◆ Your objective
Your answer must match, word for word, the lines from the one holding "Poster edukasi anak, poster" through the final line below, with pictures excluded.

◆ Information shown
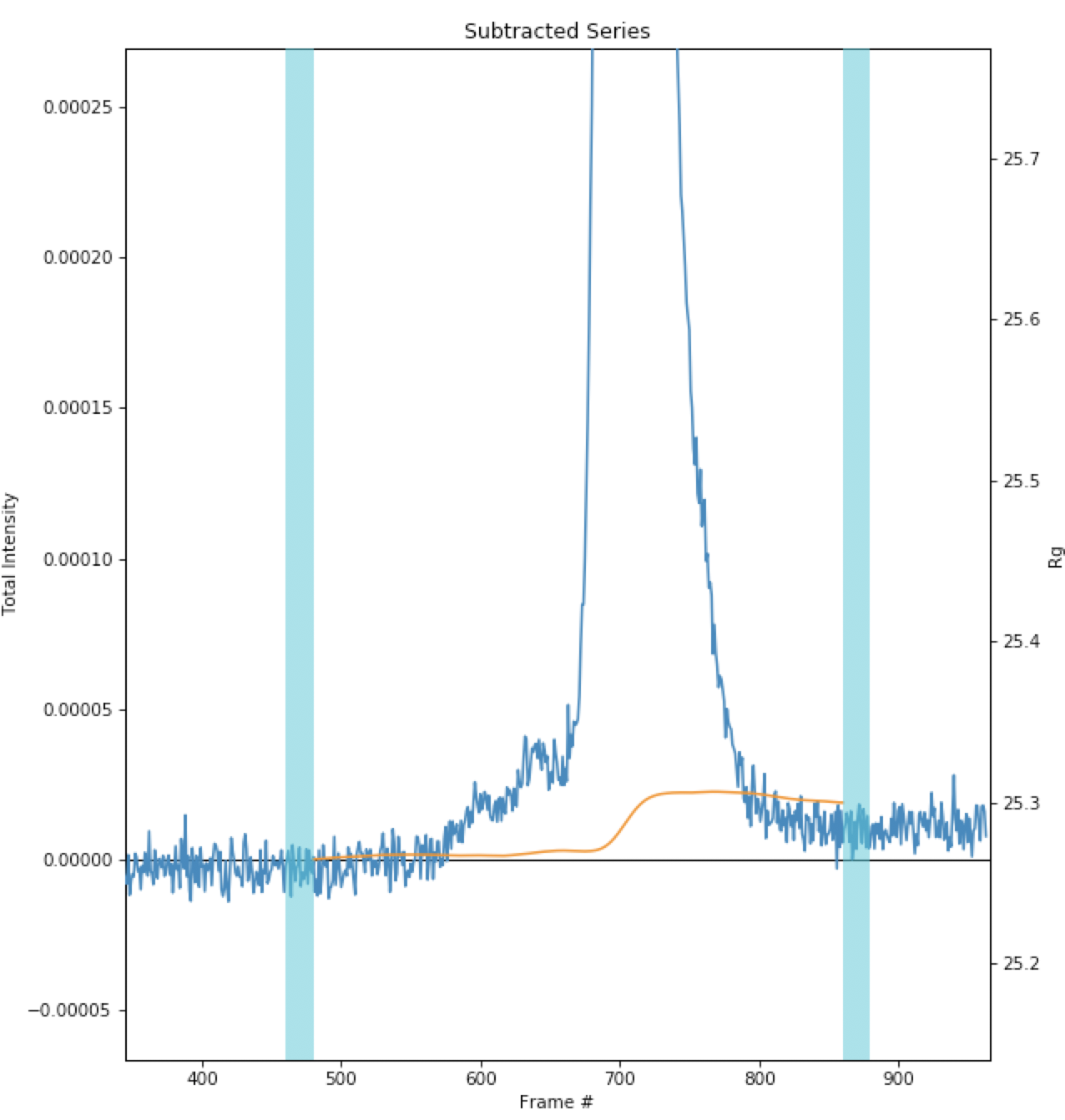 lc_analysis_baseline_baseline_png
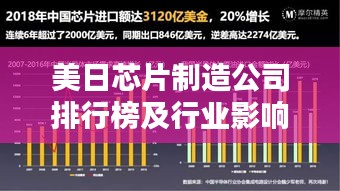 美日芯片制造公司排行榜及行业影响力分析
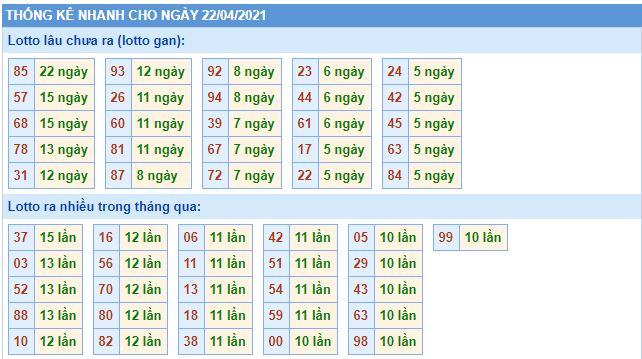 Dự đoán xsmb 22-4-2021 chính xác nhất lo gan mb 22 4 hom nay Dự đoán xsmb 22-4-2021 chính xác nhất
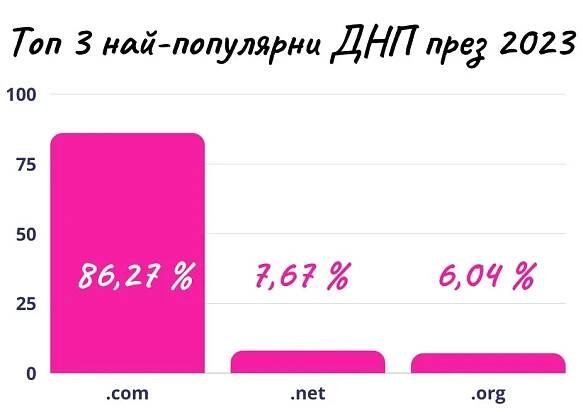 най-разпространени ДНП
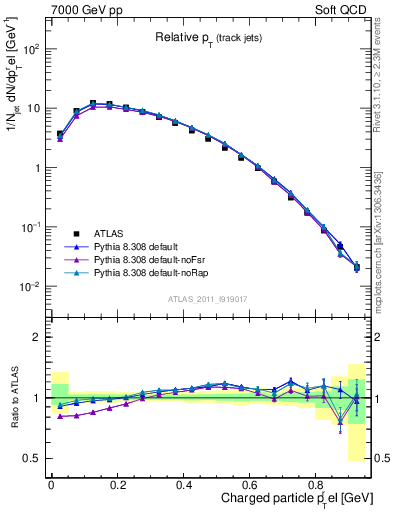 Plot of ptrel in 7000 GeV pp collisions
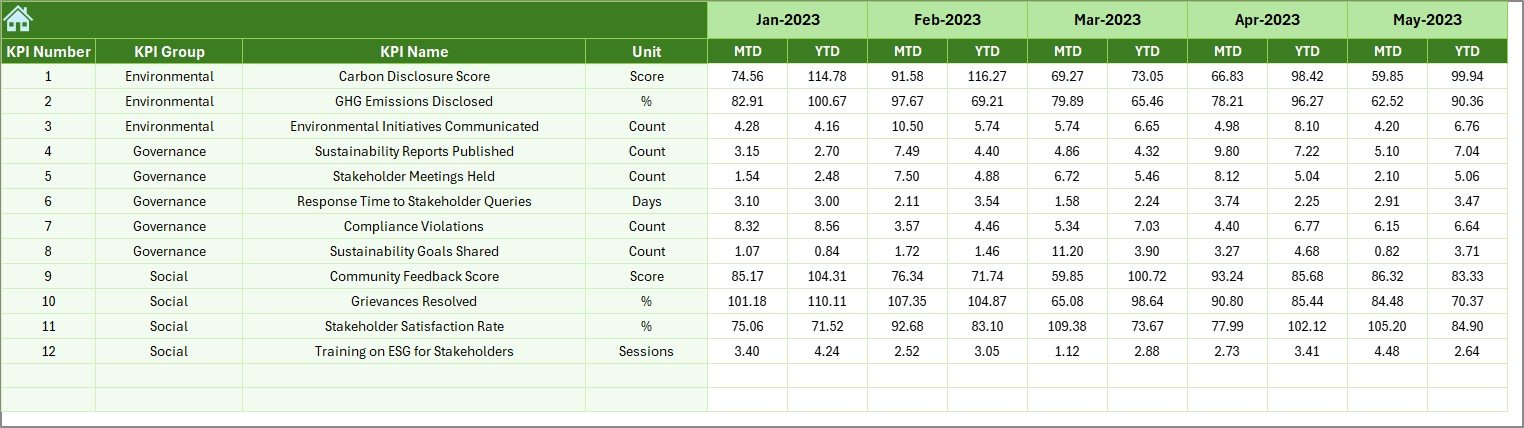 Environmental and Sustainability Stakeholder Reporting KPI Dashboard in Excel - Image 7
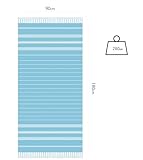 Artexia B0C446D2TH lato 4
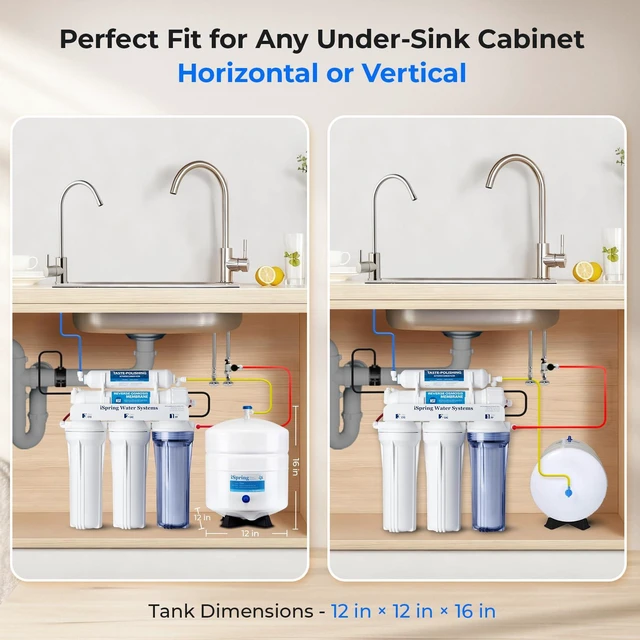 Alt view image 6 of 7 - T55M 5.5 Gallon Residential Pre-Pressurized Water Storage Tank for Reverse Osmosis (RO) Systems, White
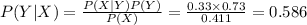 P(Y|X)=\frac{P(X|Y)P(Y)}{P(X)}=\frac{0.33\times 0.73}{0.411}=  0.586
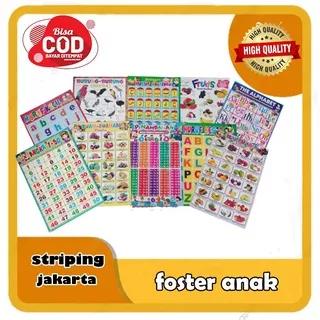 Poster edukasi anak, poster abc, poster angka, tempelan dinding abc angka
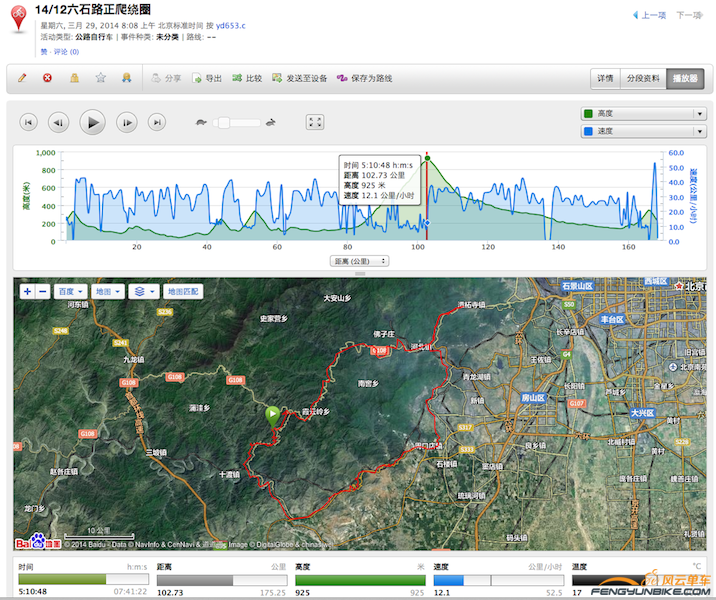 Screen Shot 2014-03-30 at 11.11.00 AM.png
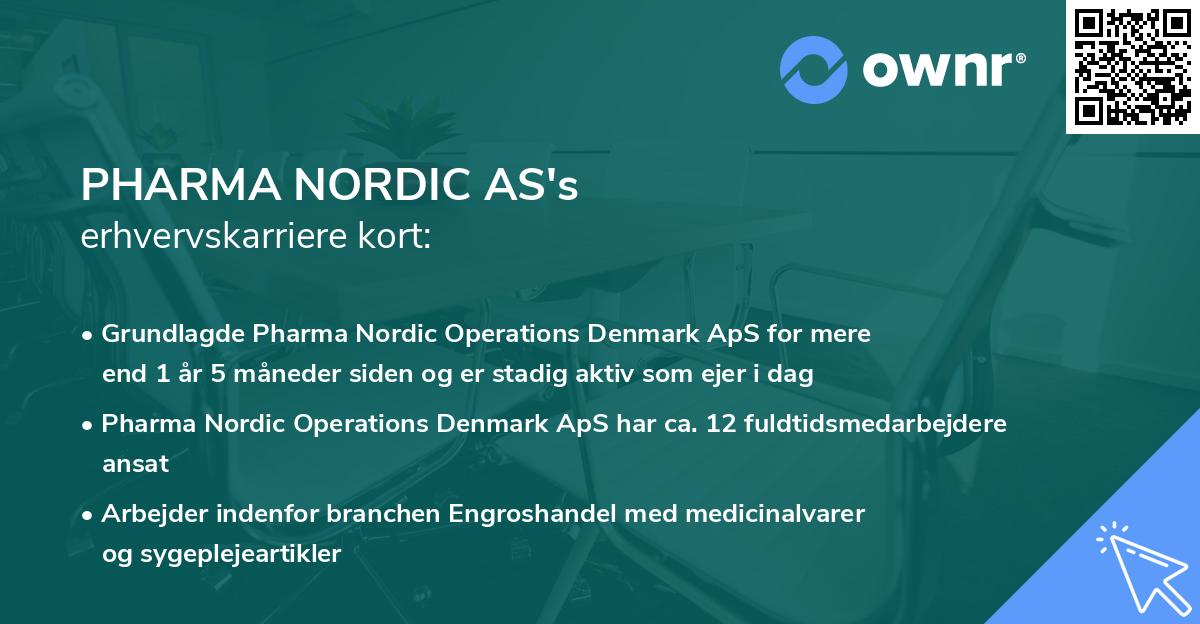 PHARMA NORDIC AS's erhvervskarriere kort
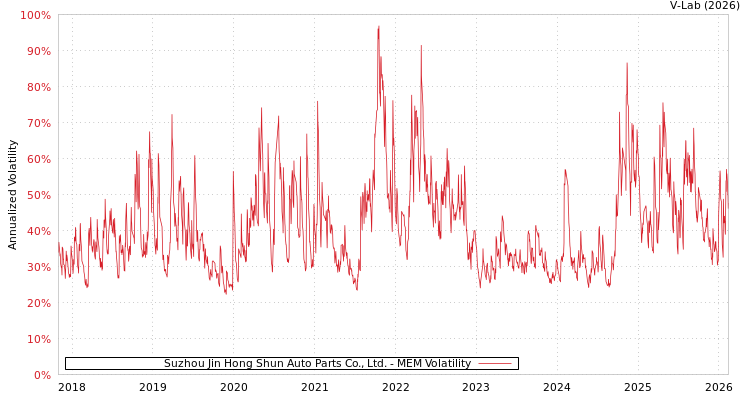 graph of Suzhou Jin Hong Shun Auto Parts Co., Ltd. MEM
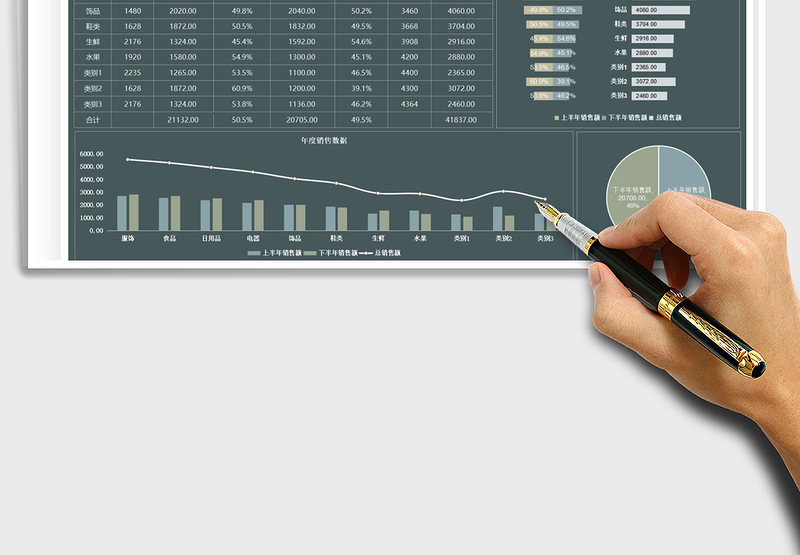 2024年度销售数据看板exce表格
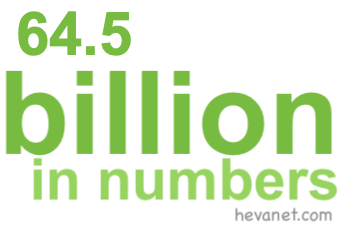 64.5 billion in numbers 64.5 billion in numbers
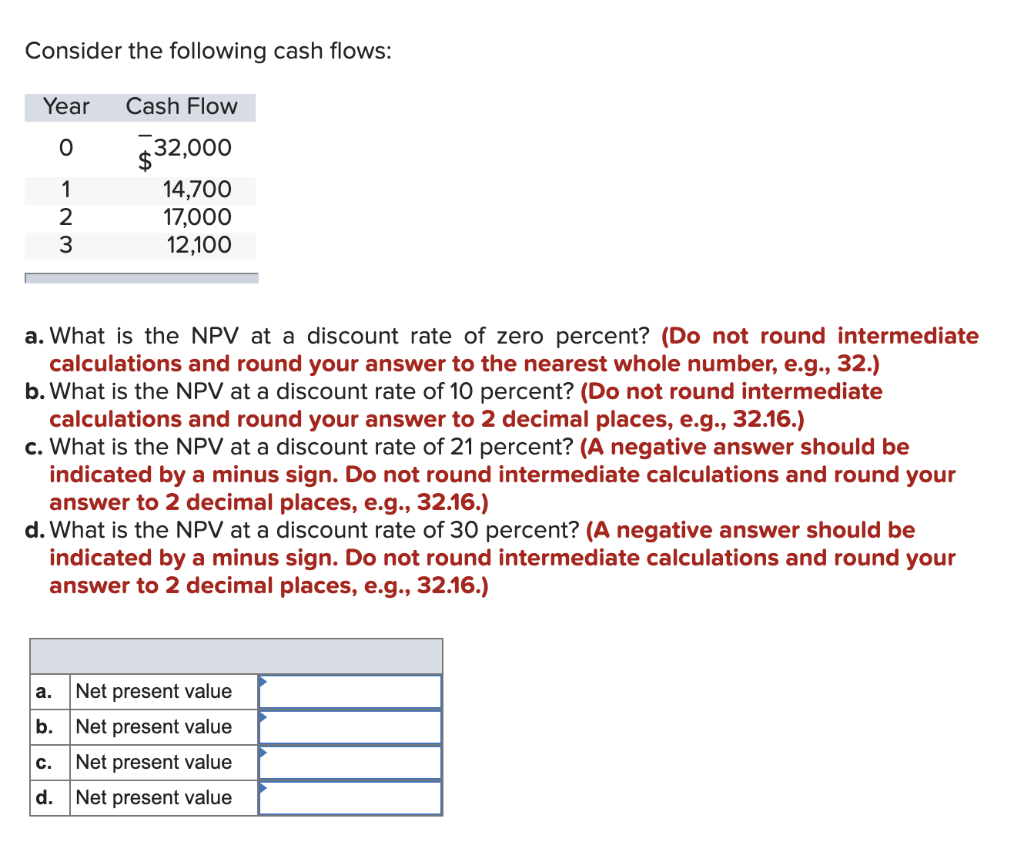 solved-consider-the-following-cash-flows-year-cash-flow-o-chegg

◆ Finished exercise
 Poster edukasi anak, poster abc, poster angka, tempelan dinding abc angka
 Screen Shot 2014-03-30 at 11.11.00 AM.png
 PHARMA NORDIC AS's erhvervskarriere kort
 graph of Suzhou Jin Hong Shun Auto Parts Co., Ltd. MEM
 2024年度销售数据看板exce表格
 64.5 billion in numbers 64.5 billion in numbers
 solved-consider-the-following-cash-flows-year-cash-flow-o-chegg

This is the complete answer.